Merges the output of multiple layers. This is used when a Graph model needs to recombine branches into a single trunk. Or when multiple models need to be combined into one. The following strategies are supported: sum, mul, concat, ave, dot.

No concise code example could be produced.

## TimeDistributedMerge

Converts a 3D TimeDistributed layer output into a 2D output with time steps merged using one of the following strategies: sum, mul, ave.

print_out(TimeDistributedMerge(mode='sum'), [[[1, 2, 3], [1, 2, 3]]]) # [[ 2. 4. 6.]] print_out(TimeDistributedMerge(mode='mul'), [[[1, 2, 3], [1, 2, 3]]]) # [[ 1. 4. 9.]] print_out(TimeDistributedMerge(mode='ave'), [[[1, 2, 3], [1, 2, 3]]]) # [[ 1. 2. 3.]]

## ActivityRegularization

ActivityRegularization is simply a wrapper around keras. Regularizers.ActivityRegularizer which applies regularisation to a loss function. We will briefly explore this here as regularization will be the subject of another post in the near future.

r = ActivityRegularizer(l1=.01) r.layer = Layer() r.layer.input = np.array([1, 2, 3, 4, 5]) K.eval(r(0.)) # array(0.029999999329447746) r = ActivityRegularizer(l2=.01) r.layer = Layer() r.layer.input = np.array([1, 2, 3, 4, 5]) K.eval(r(0.)) # array(0.1099999975413084) r = ActivityRegularizer(l1=.01, l2=.01) r.layer = Layer() r.layer.input = np.array([1, 2, 3, 4, 5]) K.eval(r(0.)) # array(0.13999999687075615)

## AutoEncoder

An Auto Encoder is an unsupervised neural net that aims to produce data that is similar to the input data. This allows the net to learn features about the data and regularisation parameters without using labels. This means the output of the last layer is the same size as the input of the first input layer. Scoring becomes simple as the row in the input can be used to measure similarity of the produced output.

The Aautoencoder has 2 logical parts, the encoder which is the layers of the net that creates a hidden representation of the input data. And the decoder which is the layers of the net that takes the produced representation from the encoder and creates the output which should match the input data to the encoder. A benefit of using Auto Encoders is that if the hidden representation of the data is smaller than the input data then we have basically compressed the data (dimensionality reduction).

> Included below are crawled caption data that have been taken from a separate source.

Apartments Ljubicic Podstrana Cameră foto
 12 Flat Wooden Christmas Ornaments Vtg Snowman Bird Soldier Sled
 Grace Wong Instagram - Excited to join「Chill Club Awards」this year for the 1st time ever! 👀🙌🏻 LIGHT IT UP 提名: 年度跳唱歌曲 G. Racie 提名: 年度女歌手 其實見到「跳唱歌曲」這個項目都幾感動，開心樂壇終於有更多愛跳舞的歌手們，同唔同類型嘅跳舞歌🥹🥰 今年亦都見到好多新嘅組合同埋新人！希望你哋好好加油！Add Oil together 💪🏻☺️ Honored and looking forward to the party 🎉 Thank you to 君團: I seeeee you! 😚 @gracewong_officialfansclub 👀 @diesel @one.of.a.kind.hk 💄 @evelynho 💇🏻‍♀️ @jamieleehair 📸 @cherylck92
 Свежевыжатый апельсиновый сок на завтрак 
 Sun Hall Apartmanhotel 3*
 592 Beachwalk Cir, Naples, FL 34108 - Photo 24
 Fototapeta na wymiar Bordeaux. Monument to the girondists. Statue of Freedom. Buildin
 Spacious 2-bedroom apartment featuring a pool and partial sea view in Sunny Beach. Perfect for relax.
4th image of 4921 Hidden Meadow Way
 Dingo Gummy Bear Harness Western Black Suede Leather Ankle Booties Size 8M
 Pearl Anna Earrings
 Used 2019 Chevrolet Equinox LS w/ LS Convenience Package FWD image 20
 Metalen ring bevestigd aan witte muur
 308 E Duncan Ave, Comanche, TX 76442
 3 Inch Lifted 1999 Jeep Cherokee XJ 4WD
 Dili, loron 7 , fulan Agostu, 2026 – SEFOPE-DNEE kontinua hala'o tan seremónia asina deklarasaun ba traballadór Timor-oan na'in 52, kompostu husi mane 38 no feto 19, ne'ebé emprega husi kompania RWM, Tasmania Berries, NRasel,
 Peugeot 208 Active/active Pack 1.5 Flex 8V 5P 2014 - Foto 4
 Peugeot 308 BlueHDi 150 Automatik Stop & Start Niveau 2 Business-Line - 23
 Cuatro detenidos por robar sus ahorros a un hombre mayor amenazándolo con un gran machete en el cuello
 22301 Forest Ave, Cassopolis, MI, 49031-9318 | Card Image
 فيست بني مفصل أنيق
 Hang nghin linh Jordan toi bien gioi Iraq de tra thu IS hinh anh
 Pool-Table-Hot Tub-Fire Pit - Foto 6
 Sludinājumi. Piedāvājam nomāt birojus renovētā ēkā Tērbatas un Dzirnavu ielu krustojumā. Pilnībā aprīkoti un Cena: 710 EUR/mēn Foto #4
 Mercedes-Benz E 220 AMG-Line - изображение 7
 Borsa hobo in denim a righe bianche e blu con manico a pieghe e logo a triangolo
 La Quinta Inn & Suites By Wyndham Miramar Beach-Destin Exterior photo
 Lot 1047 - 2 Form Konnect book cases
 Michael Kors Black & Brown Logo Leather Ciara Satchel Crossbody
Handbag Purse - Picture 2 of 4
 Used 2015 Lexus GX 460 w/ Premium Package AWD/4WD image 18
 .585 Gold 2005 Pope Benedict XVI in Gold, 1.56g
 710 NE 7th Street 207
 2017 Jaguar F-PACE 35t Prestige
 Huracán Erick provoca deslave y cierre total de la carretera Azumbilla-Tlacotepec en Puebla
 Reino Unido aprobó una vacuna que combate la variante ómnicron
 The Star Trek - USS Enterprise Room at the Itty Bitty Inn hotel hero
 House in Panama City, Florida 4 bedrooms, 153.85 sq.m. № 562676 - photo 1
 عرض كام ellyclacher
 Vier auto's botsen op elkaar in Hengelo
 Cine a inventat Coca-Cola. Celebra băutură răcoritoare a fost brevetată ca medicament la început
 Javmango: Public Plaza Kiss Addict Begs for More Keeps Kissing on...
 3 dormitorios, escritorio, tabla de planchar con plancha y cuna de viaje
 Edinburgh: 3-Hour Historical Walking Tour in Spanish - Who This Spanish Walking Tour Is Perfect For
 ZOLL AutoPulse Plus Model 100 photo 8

No concise and descriptive code sample possible.

## Lambda

Creates a layer that performs an python arbitrary function over the layer’s input data:

print_out(Lambda(lambda x: x*x), [1, 2, 3]) # [ 1. 4. 9.]

## Siamese

A Siamese layer is very similar to a Merge layer with one difference. That is; a Siamese layer can merge output from multiple layers in a net and not just joining branches.